So what happens if you and your dog come across this situation? Firstly, understand you’re largely in management mode, rather than training mode, because you can’t control the other dog. Try to remain as calm as possible, ensure you have a loose leash with your dog, so they can meet and engage with as little tension as possible. If the other dog indeed friendly and exuberant, try to engage them yourself, offer a treat, see if you can grab a collar and wait for their owner to arrive. Then feel free to let fly at the owner for being an idiot. If you can’t effectively call your dog back to you, and away from a distraction, they shouldn’t be off-leash. Always be polite, ask the question first - “can our dogs meet,” and go from there.

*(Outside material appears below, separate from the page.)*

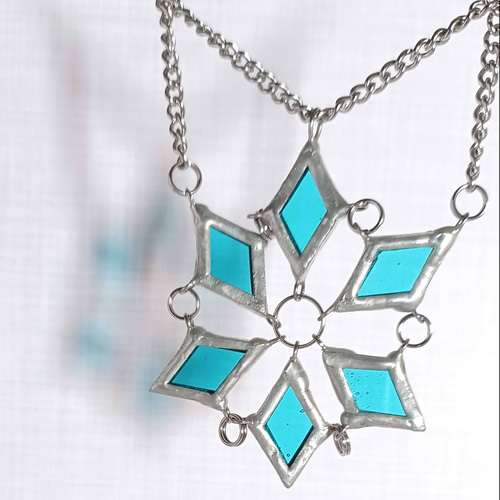 雪の結晶・星をモチーフ】ステンドグラス・ネックレス アスタリスク型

These dogs are often an issue to deal with because they invariably have less social skills than the classic ‘stray’, due to their human engaged upbringing, but all of the reward history for performing anti-social behaviours. So whereas the average stray may bark and lunge towards you, they invariably keep their distance and will respond, if you’re able to disengage.

However, this often may not work with this group of dogs. And it’s a key marker to maybe tell the difference between whether the dog has been (or is) owned, versus being a stray. Again, understand this is now more about management than training but ultimately, if you’re able to keep your dog calm and in a neutral position, you’re far more likely to avoid confrontation.

If you would like some more information on canine training, or behavioural issues, then please do contact us on 091 654 1960, email, or check our website CPA is accredited with the Certification Council for Professional Dog Trainers (CCPDT) and as an American Kennel Club (AKC) Evaluator.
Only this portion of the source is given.